(Web page caption snippets)
= = = = =
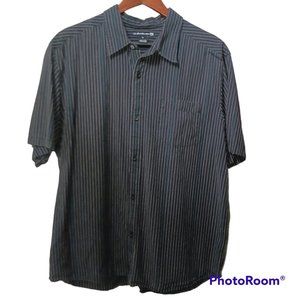 Mens Quiksilver black collar shirt (XL)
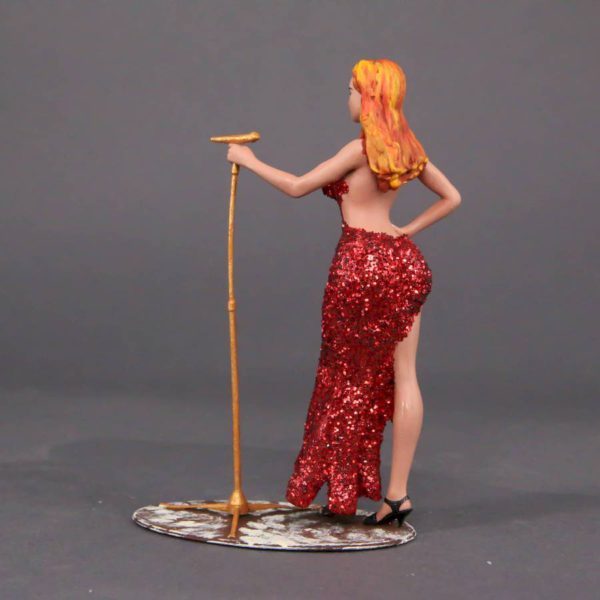 Painted Resin Figure of Woman (A9180 Z637)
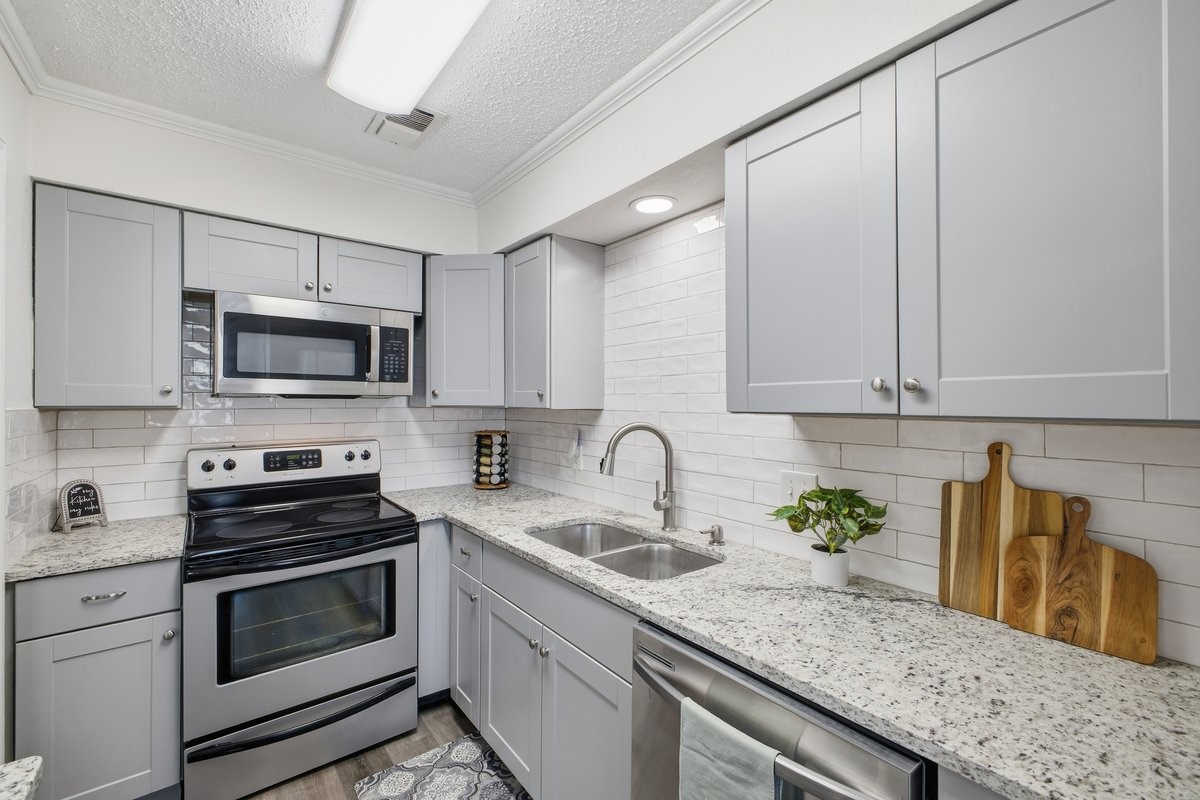 907 Roaring Springs Road Fort Worth TX 76114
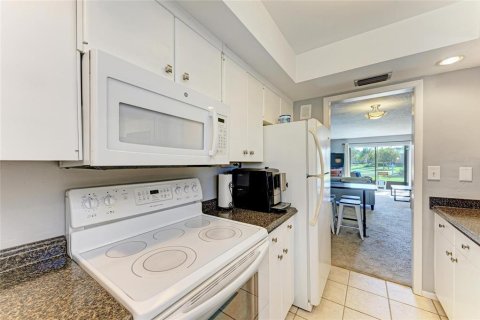 Condominio en venta en Sarasota, Florida, 2 dormitorios, 88.26 m2 № 1578514 - foto 24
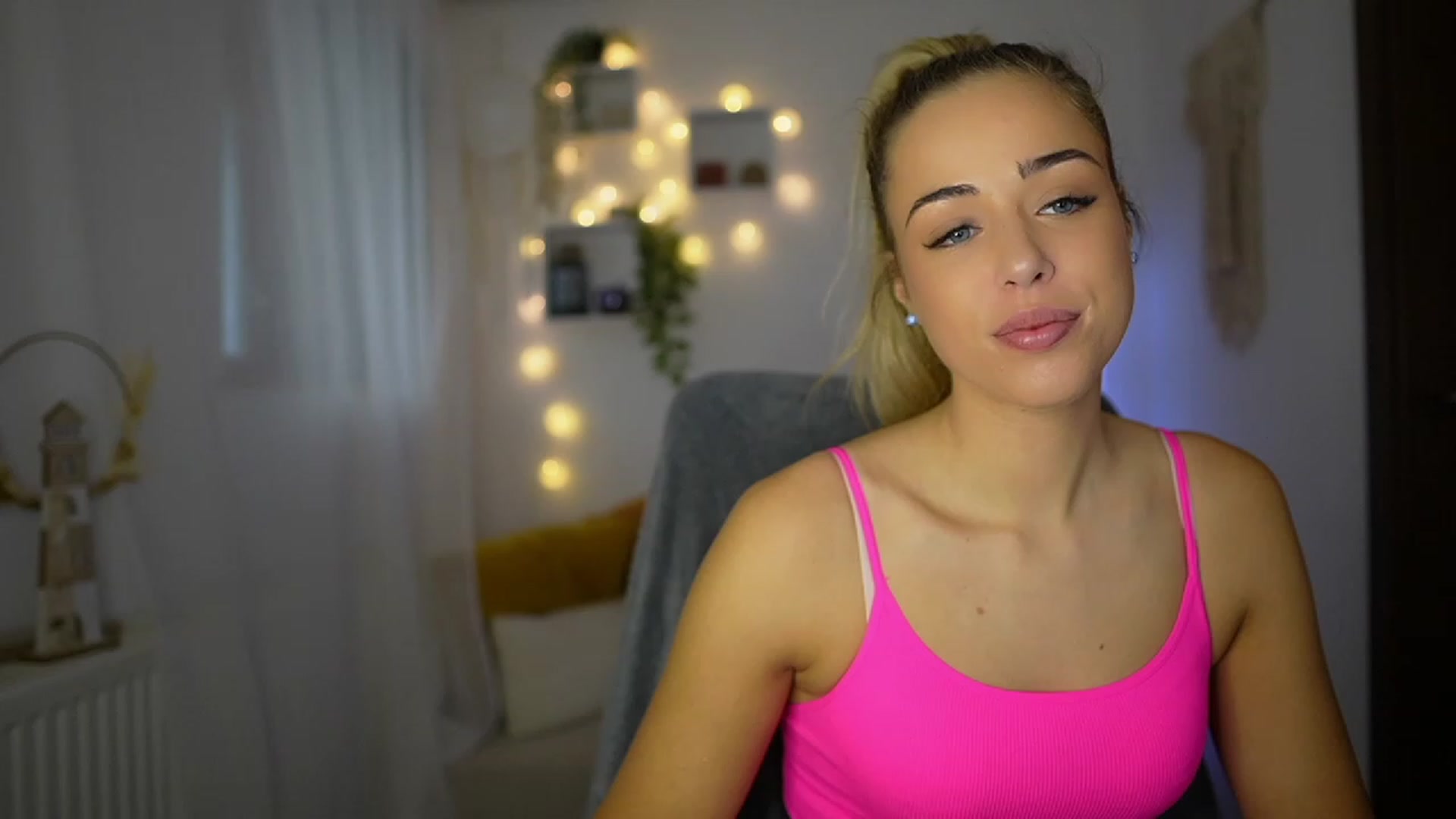 Gallery image thumbnail from Molly_Grey's myfreecams stream on, 10/25/2023, 08:44 image 9 of 20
= = = = =
Task goal: Output every record above exactly, leaving out the pictures.

Exercise solution:
 Mens Quiksilver black collar shirt (XL)
 Painted Resin Figure of Woman (A9180 Z637)
 907 Roaring Springs Road Fort Worth TX 76114
 Condominio en venta en Sarasota, Florida, 2 dormitorios, 88.26 m2 № 1578514 - foto 24
 Gallery image thumbnail from Molly_Grey's myfreecams stream on, 10/25/2023, 08:44 image 9 of 20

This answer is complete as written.